North, North, North tells the epic true tale of an unsuccessful attempt to reach the Arctic by hydrogen balloon in 1897.
We hear early on that the three Swedish explorers die in the attempt, and knowing this makes the following scenes more poignant, as the characters make their futile decisions.
This is hardly a tragic tale though; the production extracts as much humour as possible from the relationships between the crew, some highlights being calisthenics on the ice and a superb scene with a leaf blower.
The cast connect with their audience from the outset, offering coffee and live music as we enter. The show starts as a lecture on the expedition, animated by projections and some breath-taking moments as the characters climb to investigate dripping sounds from above the balloon.

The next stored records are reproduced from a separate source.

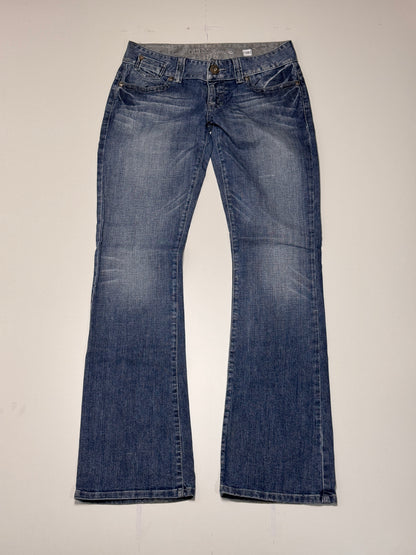 Guess Frauen Jeans US30 F1081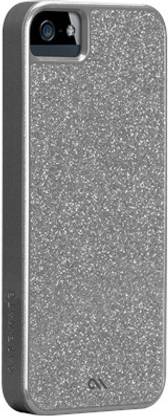 Case-Mate Grip Back Cover for Apple iPhone 5, Apple iPhone 5S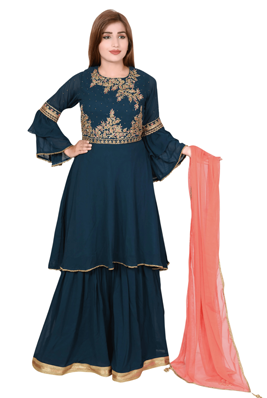 Ladies Ethnic Wear In Budgam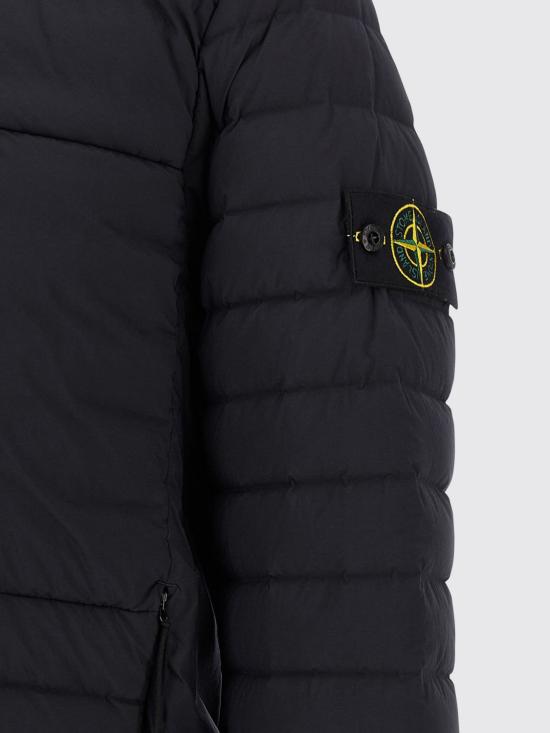 26SS 스톤 아일랜드 자켓 4100107S0183 V0020 Blue - STONE ISLAND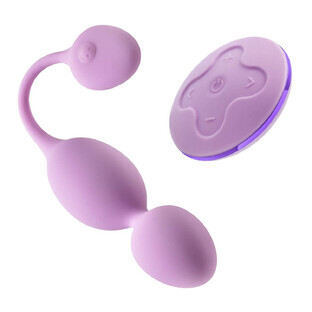 Bile de orgasm Blush Wellness Silicone ABS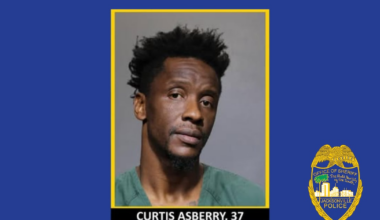 Jacksonville man arrested, charged with two November murders, JSO says – Action News Jax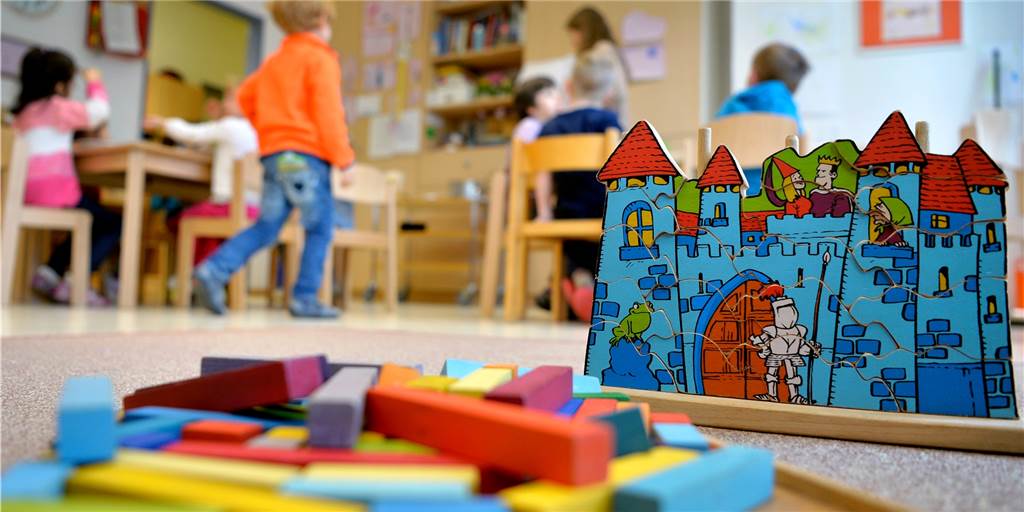 Ganztagsbetreuung in Grundschulen ist längst nicht selbstverständlich. Der Bedarf in Lünen ist riesig, das Angebot eher übersichtlich. Noch. 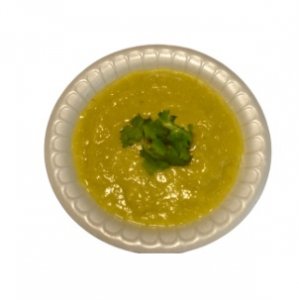 Split Pea Soup (Quart)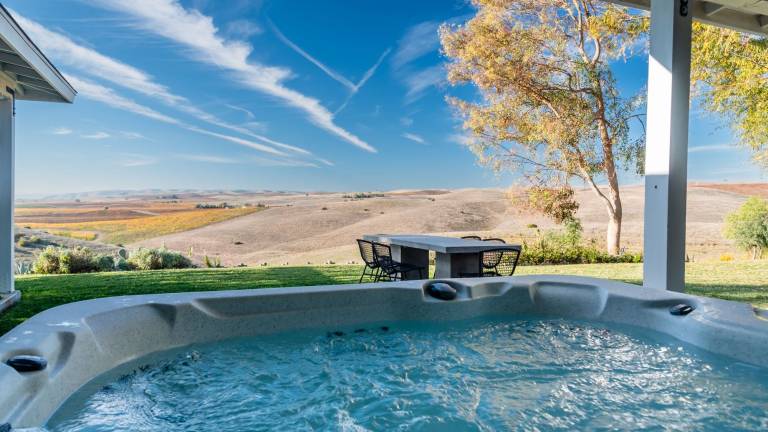 House Paso Robles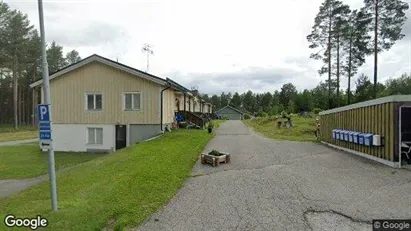 Lägenheter att hyra i Strömsund - Bild från Google Street View Lägenheter att hyra i Strömsund - Bild från Google Street View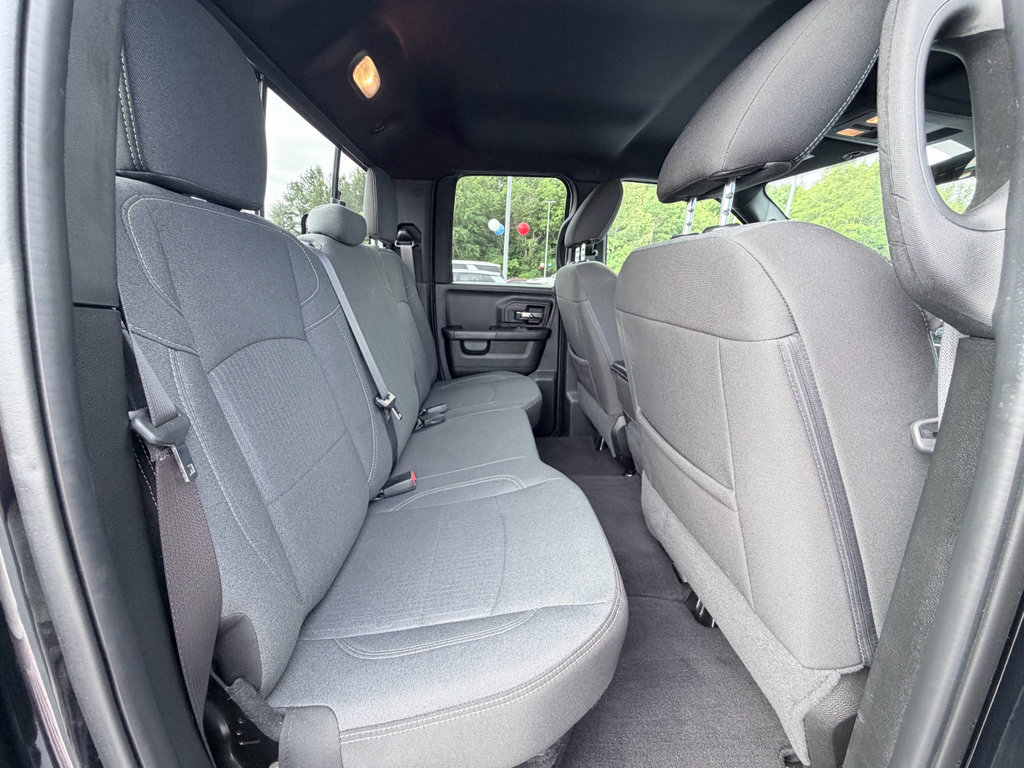 Used 2022 RAM 1500 Classic Warlock AWD/4WD image 27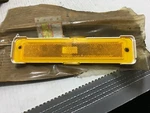 Genuine Gm Nos Side Marker Lamp For 1984-85 Chevrolet Celebrity 915508. Fixed Price $14.00.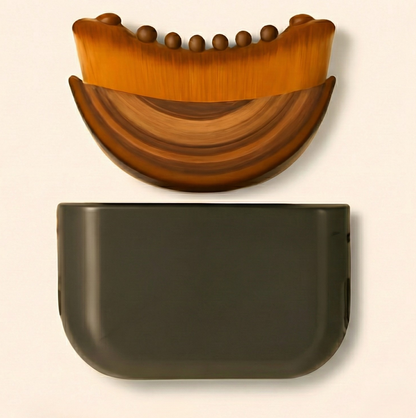Zilo™ Lymphatic Face Brush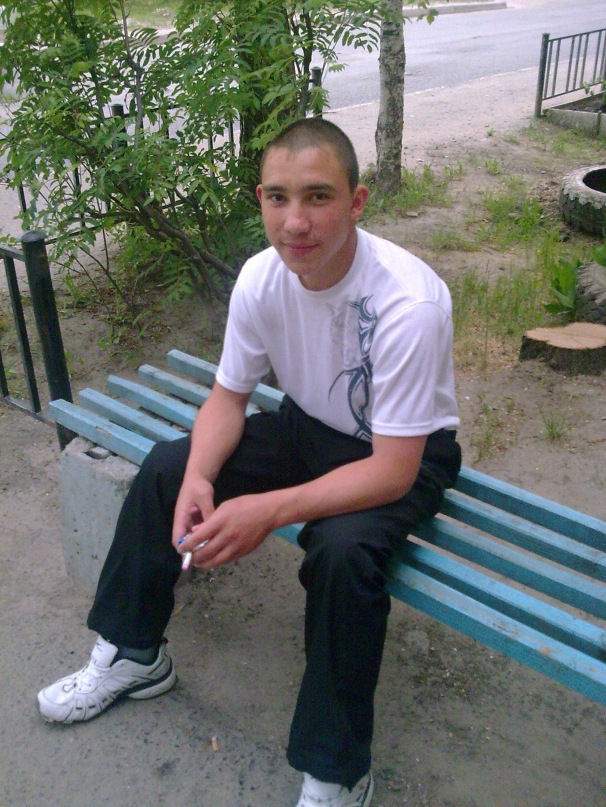 Дмитрий Азисов фотография #9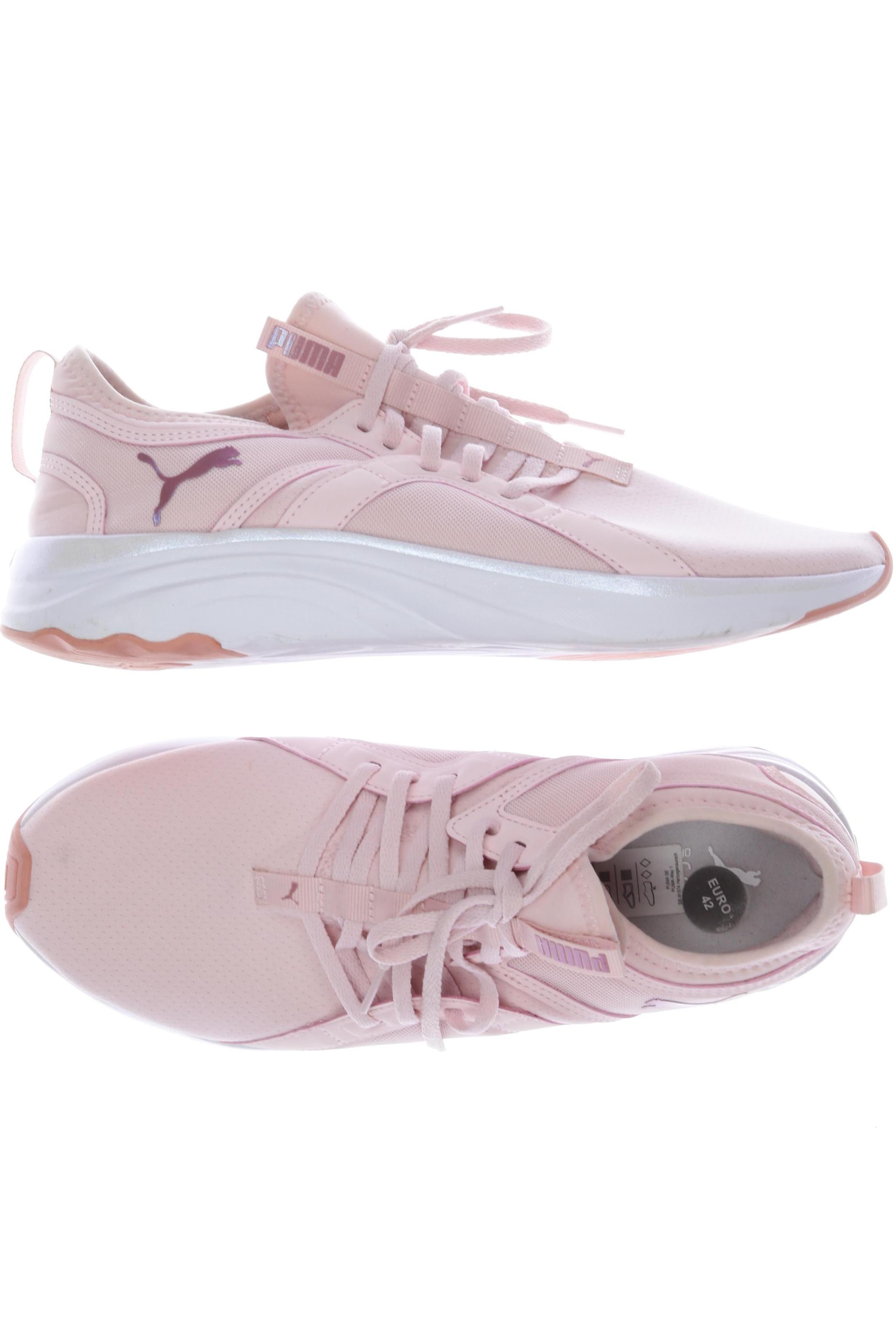 Thumbnail - Puma Herren Sneakers, pink, Gr. 42.5
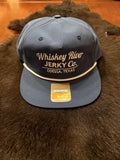 WR Navy/White OG Hat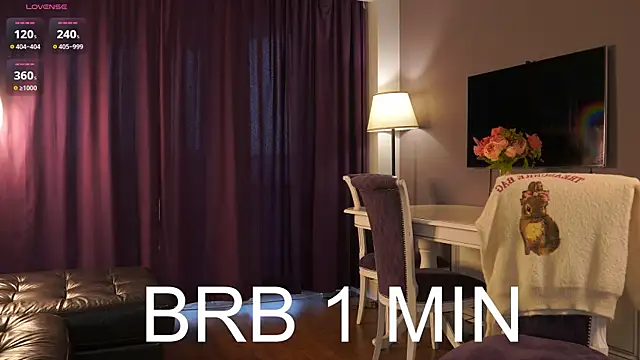 EadlinGillim Live XXX-chat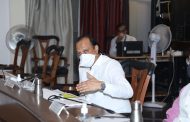 'कोरोना' संसर्ग रोखण्यासाठी ट्रॅकिंग-टेस्टिंगचे काम प्रभावीपणे करा - उपमुख्यमंत्री अजित पवार
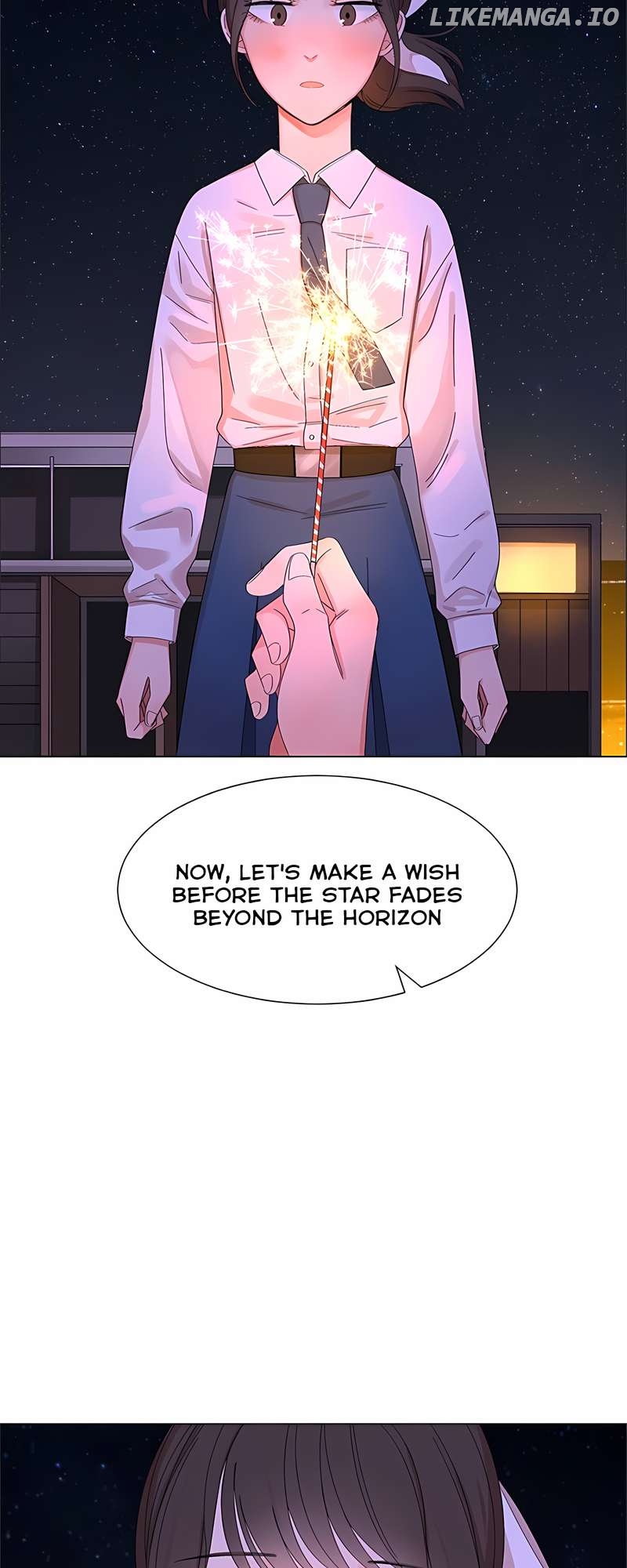 Pastel Love Chapter 30 - page 86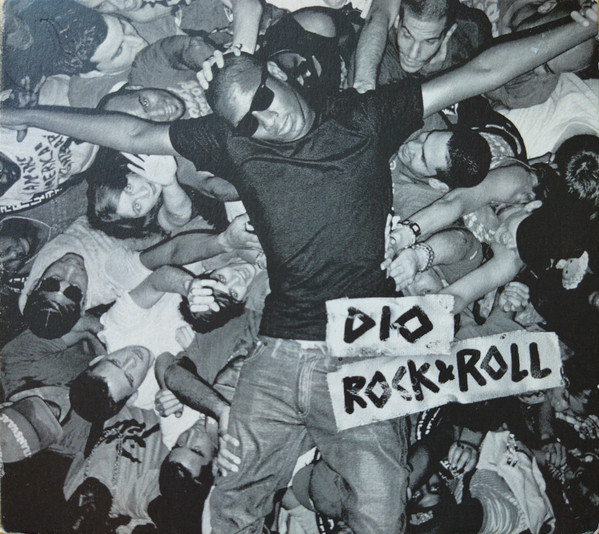 Rock & Roll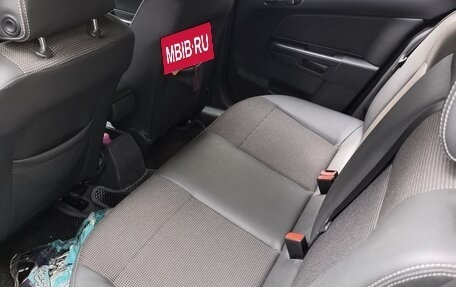 Opel Astra H, 2014 год, 1 000 000 рублей, 5 фотография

The second and third parts become much more theatrical, as we see the explorers' challenges on the ice. The set, too, is more dynamic in parts two and three, with the projection of photographs from the trip adding a chilling dimension, showing how dwarfed by the environment these men were, and how hopeless their situation.
All parts are played with a captivating lightness of touch. Martin Bonger, playing expedition leader S.A. Andrée, confidently carries the show, having most of the dialogue and action, and Margit Szlavik and Elisabet Topp, transformed into big gruff male explorers by virtue of wonderfully over-the-top false moustaches, complete the seamless ensemble. These worked well and could have benefited from further development.
There's an odd moment when a crew member is unmasked as a female actor, which doesn't help tell the story, but for the most part this was an enchanting evening.